A top reformist lawmaker in Iran, Mohsen Mirdamadi, warned in remarks published Saturday that delaying on the nuclear issue was forging international consensus against Iran.

"I think our policy of procrastination over the nuclear issue is not correct," said Mirdamadi, who heads the National Security and Foreign Policy Committee at Iran's parliament.

"Our behavior has effectively brought Europe and the United States, which have had different positions, closer together. We are gradually creating an unprecedented global consensus against ourselves," he told the reformist daily Yas-e-Nou. Mirdamadi is a close Khatami ally and a leader of the Islamic Iran Participation Front, Iran's largest reformist political party.

But a hard-liner close to Ayatollah Khamenei, who has the final say on all state matters, insisted, "We should protect our dignity and sovereignty and not give in to coercive diplomacy."

Hossein Shariatmadari, who manages the hard-line daily Kayhan, said Iran could not be forced to accept the NPT and should withdraw from it altogether. He also said Iran should ignore the Oct. 31 deadline and restrict access to its nuclear facilities.

"The deadline is illegal and a threat to our national sovereignty," Shariatmadari told The Associated Press on Saturday. "It's a plan, similar to the U.S. plan against Iraq, seeking the fall of the Islamic establishment in Iran."

Iran says its nuclear program aims to produce electricity, not weapons.
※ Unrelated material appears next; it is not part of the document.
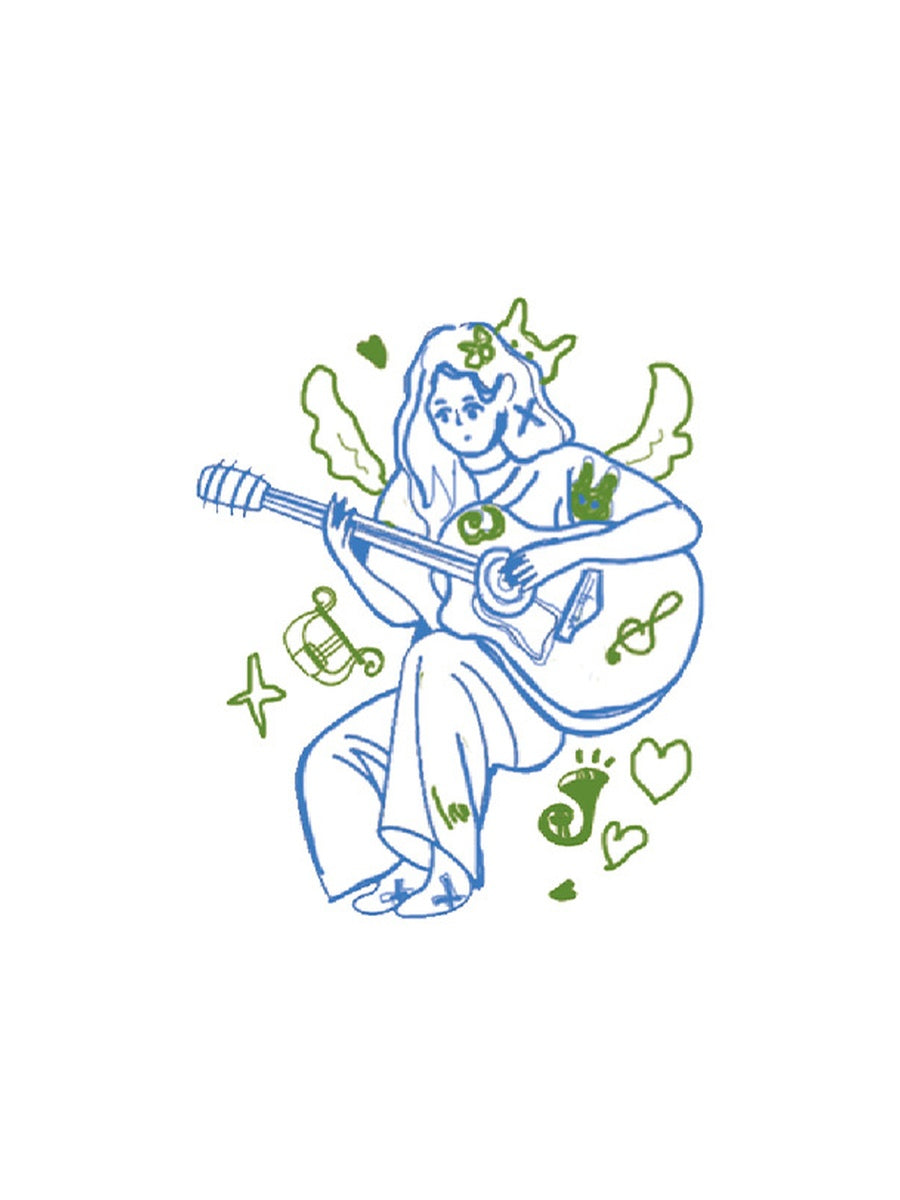 Music Girl with Guitar hand-drawn temporary tattoo — anime illustration style, suited for forearm placement. Waterproof, plant-based, 3–7 day wear. By LastingDays indie artist collective.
The United States and other Western countries, accusing Iran of seeking to develop weapons, have been pushing the IAEA, to find Iran in noncompliance with the NPT.

Saber Zaeimian, Iran's Atomic Energy Organization spokesman, told state-run radio Saturday that IAEA inspectors are expected to arrive in Tehran Thursday to continue ongoing efforts to clear up questions into Iran's nuclear program.
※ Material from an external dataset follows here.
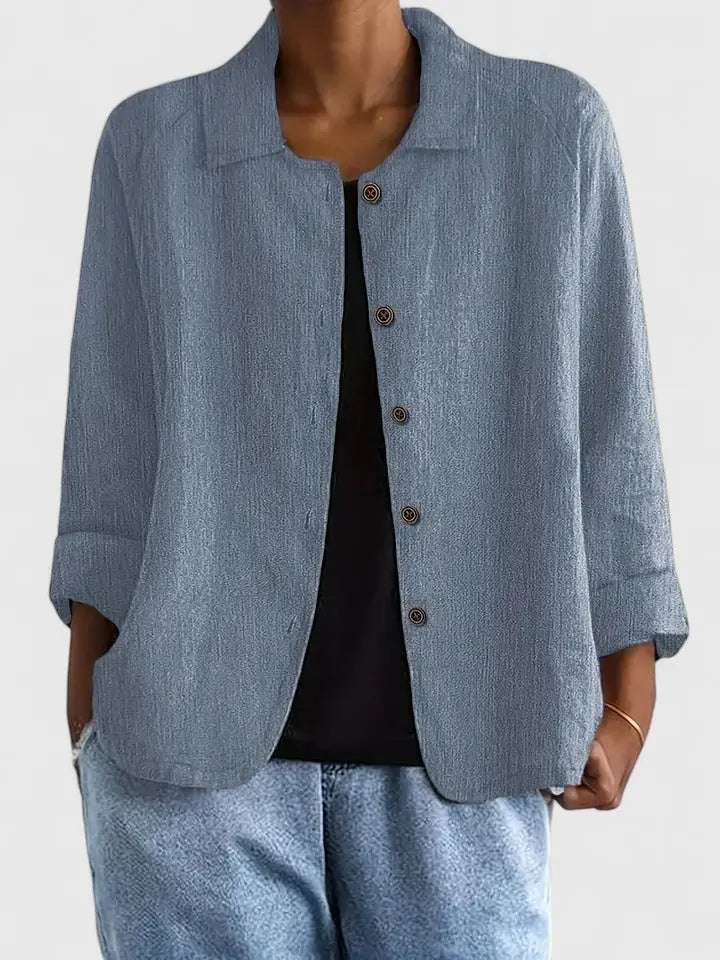 Maya | Baumwoll-Hemdjacke mit Knopfleiste für Damen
The trip, initially scheduled for Monday, was postponed on Friday upon a request from Iranian authorities, an IAEA has said.
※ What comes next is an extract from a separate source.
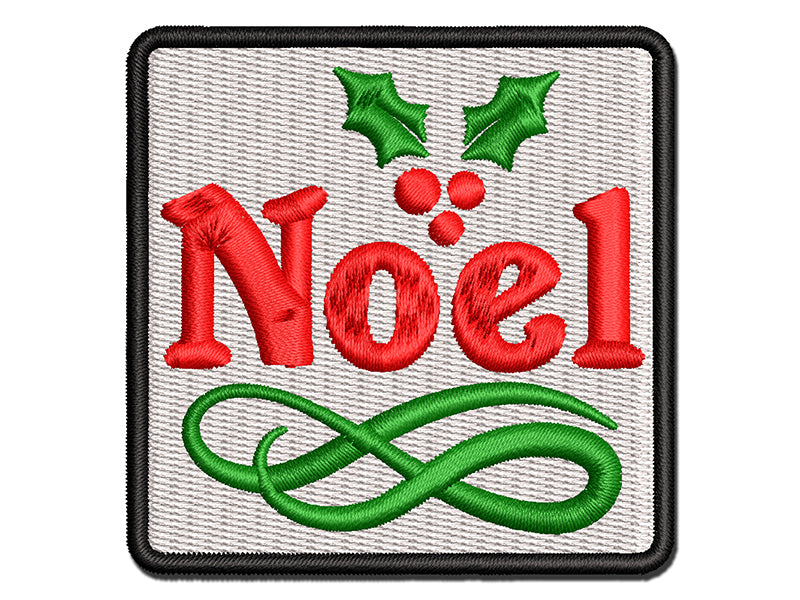 Christmas Noel Holly Multi-Color Embroidered Iron-On or Hook & Loop Patch Applique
Iranian hard-liners appear to be seeking public support for the opposition to the U.S.-led campaign.

The hard-line elite Revolutionary Guards have displayed several Iranian-made missiles in public squares in Tehran in an apparent show of military strength and opposition to international pressure.

Political analyst Saeid Leylaz said if Iran accepts the additional NPT protocol, it will stop the EU from siding with Washington's policy of isolating Iran.

"Iran's policy of procrastination is meant to win concessions but it didn't work," he added. "... At the end, I believe logic will prevail and Iran will sign before the deadline expires."

When asked Saturday if Iran will meet the Oct. 31 deadline, Iranian atomic organization Zaeimian said: "We will fulfill our obligations. We will make our decision when it's necessary."

He did not elaborate.

Zaeimian said Iranian scientists were still working on nuclear projects and that the uranium enrichment plant in Natanz, central Iran, was nearing completion on schedule.